[Data to use — start]

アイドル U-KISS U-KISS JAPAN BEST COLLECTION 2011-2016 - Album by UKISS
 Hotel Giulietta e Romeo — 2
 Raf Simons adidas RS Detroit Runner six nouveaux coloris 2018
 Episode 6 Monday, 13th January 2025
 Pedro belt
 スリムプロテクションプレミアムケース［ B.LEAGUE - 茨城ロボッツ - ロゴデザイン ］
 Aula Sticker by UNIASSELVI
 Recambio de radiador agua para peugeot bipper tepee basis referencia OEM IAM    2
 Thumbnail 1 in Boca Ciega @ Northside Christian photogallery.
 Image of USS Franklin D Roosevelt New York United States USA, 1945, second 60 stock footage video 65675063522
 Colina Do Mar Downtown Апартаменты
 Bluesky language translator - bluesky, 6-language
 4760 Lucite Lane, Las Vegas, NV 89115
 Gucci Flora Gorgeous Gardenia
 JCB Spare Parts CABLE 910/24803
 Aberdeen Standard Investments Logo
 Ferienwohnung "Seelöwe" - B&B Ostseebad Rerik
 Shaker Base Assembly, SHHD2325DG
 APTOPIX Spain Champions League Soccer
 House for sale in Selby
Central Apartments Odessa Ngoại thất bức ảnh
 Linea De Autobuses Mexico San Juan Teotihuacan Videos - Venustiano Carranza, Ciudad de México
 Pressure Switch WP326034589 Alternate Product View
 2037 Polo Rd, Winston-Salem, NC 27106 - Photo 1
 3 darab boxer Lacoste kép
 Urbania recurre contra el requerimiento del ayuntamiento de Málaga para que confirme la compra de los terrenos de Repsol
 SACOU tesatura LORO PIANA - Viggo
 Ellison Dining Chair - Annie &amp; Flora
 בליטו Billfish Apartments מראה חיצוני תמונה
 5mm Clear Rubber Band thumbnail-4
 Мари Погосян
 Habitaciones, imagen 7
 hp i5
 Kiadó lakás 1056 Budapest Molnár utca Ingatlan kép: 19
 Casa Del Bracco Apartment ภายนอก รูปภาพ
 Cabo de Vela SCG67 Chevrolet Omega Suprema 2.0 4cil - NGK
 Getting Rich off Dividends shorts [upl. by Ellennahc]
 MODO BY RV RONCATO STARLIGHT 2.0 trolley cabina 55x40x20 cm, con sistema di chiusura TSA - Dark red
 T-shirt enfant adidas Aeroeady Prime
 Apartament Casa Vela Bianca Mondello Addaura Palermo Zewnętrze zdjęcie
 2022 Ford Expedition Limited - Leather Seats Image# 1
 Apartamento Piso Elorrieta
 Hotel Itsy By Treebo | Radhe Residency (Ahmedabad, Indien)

[Data to use — finish]

Return all of the lines above exactly, with none omitted.

> [Solved problem]:
アイドル U-KISS U-KISS JAPAN BEST COLLECTION 2011-2016 - Album by UKISS
 Hotel Giulietta e Romeo — 2
 Raf Simons adidas RS Detroit Runner six nouveaux coloris 2018
 Episode 6 Monday, 13th January 2025
 Pedro belt
 スリムプロテクションプレミアムケース［ B.LEAGUE - 茨城ロボッツ - ロゴデザイン ］
 Aula Sticker by UNIASSELVI
 Recambio de radiador agua para peugeot bipper tepee basis referencia OEM IAM    2
 Thumbnail 1 in Boca Ciega @ Northside Christian photogallery.
 Image of USS Franklin D Roosevelt New York United States USA, 1945, second 60 stock footage video 65675063522
 Colina Do Mar Downtown Апартаменты
 Bluesky language translator - bluesky, 6-language
 4760 Lucite Lane, Las Vegas, NV 89115
 Gucci Flora Gorgeous Gardenia
 JCB Spare Parts CABLE 910/24803
 Aberdeen Standard Investments Logo
 Ferienwohnung "Seelöwe" - B&B Ostseebad Rerik
 Shaker Base Assembly, SHHD2325DG
 APTOPIX Spain Champions League Soccer
 House for sale in Selby
Central Apartments Odessa Ngoại thất bức ảnh
 Linea De Autobuses Mexico San Juan Teotihuacan Videos - Venustiano Carranza, Ciudad de México
 Pressure Switch WP326034589 Alternate Product View
 2037 Polo Rd, Winston-Salem, NC 27106 - Photo 1
 3 darab boxer Lacoste kép
 Urbania recurre contra el requerimiento del ayuntamiento de Málaga para que confirme la compra de los terrenos de Repsol
 SACOU tesatura LORO PIANA - Viggo
 Ellison Dining Chair - Annie &amp; Flora
 בליטו Billfish Apartments מראה חיצוני תמונה
 5mm Clear Rubber Band thumbnail-4
 Мари Погосян
 Habitaciones, imagen 7
 hp i5
 Kiadó lakás 1056 Budapest Molnár utca Ingatlan kép: 19
 Casa Del Bracco Apartment ภายนอก รูปภาพ
 Cabo de Vela SCG67 Chevrolet Omega Suprema 2.0 4cil - NGK
 Getting Rich off Dividends shorts [upl. by Ellennahc]
 MODO BY RV RONCATO STARLIGHT 2.0 trolley cabina 55x40x20 cm, con sistema di chiusura TSA - Dark red
 T-shirt enfant adidas Aeroeady Prime
 Apartament Casa Vela Bianca Mondello Addaura Palermo Zewnętrze zdjęcie
 2022 Ford Expedition Limited - Leather Seats Image# 1
 Apartamento Piso Elorrieta
 Hotel Itsy By Treebo | Radhe Residency (Ahmedabad, Indien)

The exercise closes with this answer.